Horton also advocates adding activities to the meals program such as the summer camp programs operated by numerous local schools and NOTCH. “Food is only one thing that kids in low income families need,” she said.
“Low income kids tend to lose three months of reading skills and 2.5 months of math skills during the summer months,” said Horton. The academic achievement gap between middle income and low-income kids is “really a summer gap,” she added.
There’s also a need for physical activity, according to Horton, who added summer is the time of greatest weight gain for kids.
Many adults remember summer as a time for playing outside, but for today’s kids it frequently means the opposite. “Often what these kids are doing is they’re locked in the house all day,” said Horton. “It’s the time of day when they’re most sedentary.”
Horton also encourages all families regardless of income to take advantage of the free meal sites. “It’s meant for every kid,” she said, and the more kids who use the site the better for the program.
The meals are paid for by the U.S. Dept. of Agriculture and are available in communities where at least 50 percent of the students receive free and reduced lunch, explained Horton.
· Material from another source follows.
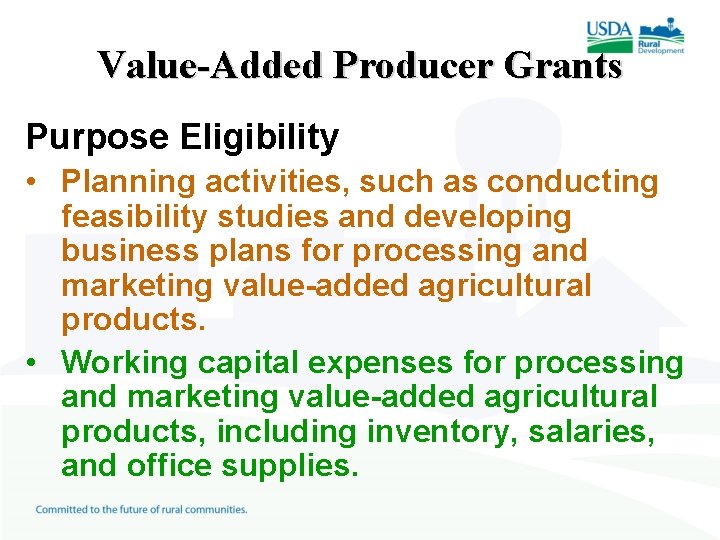 Value-Added Producer Grants Purpose Eligibility • Planning activities, such as conducting feasibility studies and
If a community as a whole doesn’t hit that threshold, but a geographical segment known as a census tract does, then free meals can be offered to children and teens from a location in that tract. That’s how the Highgate Public Library was able to qualify as a free meal site.
There is also the option of a closed site, in which schools can offer free meals to all children in the program provided at least half of them qualify for free and reduced meals. There are 14 closed sites in Franklin County.
Meal options in Franklin County are typical for the Vermont, which is fourth nationally for percent of kids accessing summer meals, said Horton. Statewide, there were 31,000 students enrolled in the free- and reduced-cost lunch program last year, but only 7,420 kids accessed free meals in the summer months.
“Compared to most of the rest of the country, Vermont is doing better, and yet we have such a long way to go,” said Horton.
In Franklin County, only two schools, Swanton Schools and Missisquoi Valley Union, qualify as open sites but don’t have them, said Horton.
Because Swanton qualifies any organization in Swanton wanting to operate an open meal site could do so, including churches, libraries, recreation programs, even the town or village. In Brattleboro, the town operated 14 summer meal sites for years before recently handing the program over to the school, according to Horton.
To find a summer meal site anywhere in the state, call 2-1-1.